There are plenty of Hebrew and Yiddish expressions studding this script like landmines. Fortunately, Sheila Snow Proctor navigated the treacherous terrain almost perfectly as Estelle, certainly better than Sutton, who allows Devin Clark to mangle his Yiddish mercilessly as the ageless Rabbi. Portraying a lapsed Jew, David Catenazzo probably earned a pass as Warren on his trespasses with the Hebrew blessing for putting on a tallit – I’ve heard worse during torah readings at my Conservative synagogue. Proctor not only clops around like a pensioner, slightly stooped, slightly squinting, she gets the essence of Jewish soul and humor, the impulse of kvetching leavened with a pinch of self-mockery. She even carries her late husband’s tallit bag and tefillin with a touch of reverence. Perhaps Proctor would have had an easier time of it if Catenazzo had similarly leavened his anger and impatience with hints of the Jewish soul that had loved and indulgently persevered with Doris when she wasn’t angelic. To some extent, Warren needed to be charmed by Estelle. Judging this role is a little like living the journey of Ebenezer Scrooge.
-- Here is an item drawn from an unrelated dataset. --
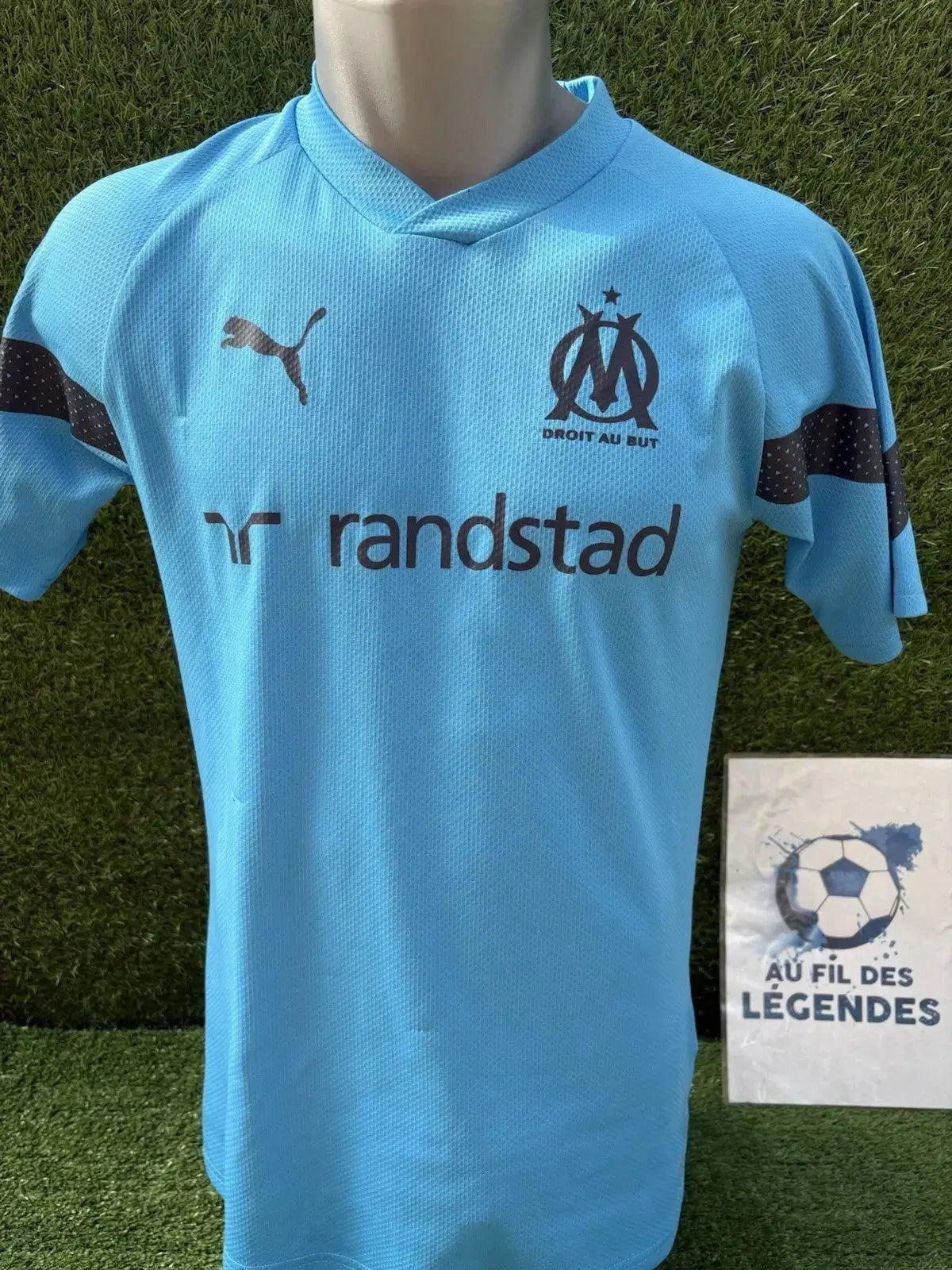Maillot olympique de marseille Training Au Fil Des Légendes puma football shirt entrainement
With two major cameos, the Rabbi and the giraffe, Clark had the most opportunities to shine among the supporting players. He was especially entertaining as Seymour sparring with Warren, who probed into the question of why he had been demoted to giraffe in his present incarnation. Yet Clark was curiously endearing as the bewildered Rabbi, notwithstanding the butchered vay iz meers. Liora Tal likely sparked some objections for how she delivered Hannah Kipper, a little underpowered and maybe a little too serene for a young fortune teller looking forward to death – but Estelle persisted in feeding her, and I didn’t think we were supposed to believe her, either. I’m afraid that Mariana Bracciale didn’t get much of a chance to shine as Sister Rose, but at least she got to glow in the denouement as the Unicorn, making her entrance and exit from the margins of the audience.

No cameo better encapsulated what Summer Night, With Unicorn was all about than Stephanie DiPaolo’s visit from the beyond as the ghost of Doris. Even more befuddled and uncomprehending than the Rabbi, DiPaolo only flickeringly registered what Warren was asking of her, but although she haltingly spoke, she never responded. That was very much the dynamic in Rush’s magical journey. Multiple possibilities presented themselves to Estelle when she posed the question we all have about what lies ahead, but through the night, there was no clearer answer than that death will surely come. With richer lighting, sound design, and a sprinkle of special effects, DiPaolo’s clarifying moment of confusion might have reached a finer pinnacle. Hopefully, when more people at the Levine JCC appreciate the gems these professionals are creating, they will also realize that the artists and their audience deserve a finer setting.